The collapse of the SVB can be directly linked to the rising inflation rate. As the bank of choice for start-ups receiving cash injections from venture capital, SVB was able to grow rapidly by investing its deposits in bonds that lost value as inflation and interest rates rose. When the market realised this, it triggered a run on the banks. A ripple effect that will manifest itself in the general economy and have an impact on the industry: In February, interest rates in the US rose by 6% year-on-year, exceeding the Fed's target of 2%.

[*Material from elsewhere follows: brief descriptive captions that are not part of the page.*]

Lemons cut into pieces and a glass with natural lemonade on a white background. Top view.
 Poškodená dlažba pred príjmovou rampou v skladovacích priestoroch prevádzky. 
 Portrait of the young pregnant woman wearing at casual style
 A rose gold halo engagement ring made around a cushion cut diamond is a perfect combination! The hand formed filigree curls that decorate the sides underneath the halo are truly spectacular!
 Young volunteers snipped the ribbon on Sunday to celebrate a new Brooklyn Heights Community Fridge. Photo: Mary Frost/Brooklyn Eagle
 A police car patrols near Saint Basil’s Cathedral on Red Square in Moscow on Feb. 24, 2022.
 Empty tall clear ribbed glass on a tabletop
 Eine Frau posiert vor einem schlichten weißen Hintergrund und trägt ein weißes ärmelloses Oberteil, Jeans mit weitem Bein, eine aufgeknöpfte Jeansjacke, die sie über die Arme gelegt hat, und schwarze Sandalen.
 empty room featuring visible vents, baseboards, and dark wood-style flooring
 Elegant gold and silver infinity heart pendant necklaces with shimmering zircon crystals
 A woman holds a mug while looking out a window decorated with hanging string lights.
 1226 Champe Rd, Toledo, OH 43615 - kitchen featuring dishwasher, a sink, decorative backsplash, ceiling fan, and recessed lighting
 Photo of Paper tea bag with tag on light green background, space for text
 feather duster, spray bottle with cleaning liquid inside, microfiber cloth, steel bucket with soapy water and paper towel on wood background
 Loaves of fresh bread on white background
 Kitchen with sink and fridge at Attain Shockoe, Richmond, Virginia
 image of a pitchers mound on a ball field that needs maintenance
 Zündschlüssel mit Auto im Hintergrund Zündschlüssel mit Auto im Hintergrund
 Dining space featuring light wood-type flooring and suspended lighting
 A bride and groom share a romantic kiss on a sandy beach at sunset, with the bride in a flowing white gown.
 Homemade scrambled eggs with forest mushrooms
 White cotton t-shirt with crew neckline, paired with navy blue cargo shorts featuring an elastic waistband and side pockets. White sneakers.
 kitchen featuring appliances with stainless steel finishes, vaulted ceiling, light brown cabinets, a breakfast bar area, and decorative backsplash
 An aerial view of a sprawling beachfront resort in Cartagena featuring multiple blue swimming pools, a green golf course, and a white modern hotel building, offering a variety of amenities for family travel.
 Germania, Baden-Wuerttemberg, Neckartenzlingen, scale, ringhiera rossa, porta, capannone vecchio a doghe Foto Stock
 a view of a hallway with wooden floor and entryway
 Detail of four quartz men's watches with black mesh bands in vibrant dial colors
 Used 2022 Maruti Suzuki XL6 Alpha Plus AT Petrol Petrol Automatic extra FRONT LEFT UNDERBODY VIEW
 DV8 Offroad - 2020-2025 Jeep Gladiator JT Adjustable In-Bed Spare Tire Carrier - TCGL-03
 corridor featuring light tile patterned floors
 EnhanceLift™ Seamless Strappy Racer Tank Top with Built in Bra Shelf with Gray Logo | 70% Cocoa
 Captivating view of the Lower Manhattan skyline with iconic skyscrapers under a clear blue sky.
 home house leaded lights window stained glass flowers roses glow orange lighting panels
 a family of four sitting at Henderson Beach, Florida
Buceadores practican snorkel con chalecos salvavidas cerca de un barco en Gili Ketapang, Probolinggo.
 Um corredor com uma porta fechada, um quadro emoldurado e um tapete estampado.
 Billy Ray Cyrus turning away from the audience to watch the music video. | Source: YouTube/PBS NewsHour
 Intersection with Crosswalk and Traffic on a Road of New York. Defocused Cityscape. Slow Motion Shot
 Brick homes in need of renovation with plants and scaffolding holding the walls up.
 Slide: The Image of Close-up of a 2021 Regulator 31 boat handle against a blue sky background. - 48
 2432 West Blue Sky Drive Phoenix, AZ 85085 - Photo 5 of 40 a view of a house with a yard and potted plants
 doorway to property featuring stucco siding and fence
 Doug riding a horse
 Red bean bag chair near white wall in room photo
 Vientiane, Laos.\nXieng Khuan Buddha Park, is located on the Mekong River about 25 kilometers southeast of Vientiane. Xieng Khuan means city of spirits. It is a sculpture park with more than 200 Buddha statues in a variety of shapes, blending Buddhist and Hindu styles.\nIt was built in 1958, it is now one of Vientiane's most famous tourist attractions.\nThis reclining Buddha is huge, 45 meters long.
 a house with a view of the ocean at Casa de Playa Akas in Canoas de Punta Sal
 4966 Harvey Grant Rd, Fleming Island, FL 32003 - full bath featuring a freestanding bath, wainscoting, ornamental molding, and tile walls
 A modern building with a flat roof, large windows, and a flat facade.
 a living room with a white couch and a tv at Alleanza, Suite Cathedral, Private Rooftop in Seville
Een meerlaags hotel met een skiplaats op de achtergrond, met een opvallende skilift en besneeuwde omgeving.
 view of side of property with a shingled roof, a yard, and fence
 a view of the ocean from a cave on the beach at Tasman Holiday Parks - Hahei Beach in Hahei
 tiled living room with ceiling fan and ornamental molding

The collapse of the SVB is therefore not only a sign of a much larger crisis, but also the biggest sign that the era of fashion venture capital funded start-ups may have come to an end. The SVB was the first choice for many start-ups and entrepreneurs. It offered access to services such as venture loans and lines of credit that larger banks would not normally provide to small businesses with unpredictable cash flow. Inflation and interest rates have played an important role, both because they have reduced consumer demand and because they have made it more expensive for venture capital firms to finance loss-making brands. The generally unfavourable economic climate could lead to more fashion companies resorting to bootstrapping, i.e. financing their businesses themselves, which makes it even more elite and complex to succeed in a recessionary industry. The recent banking crisis, which has also hit Credit Suisse Group, is not good news for the big luxury groups either. Faced with pressure from European and American buyers and a thaw in China, Burberry Group, Kering and Hugo Boss have already seen a drop in demand. While raising item prices seemed to be a successful strategy to cope with inflation until a few months ago, the fate of the retail sector looks increasingly uncertain in the face of a crisis that shows no signs of ending and tighter queues outside shops.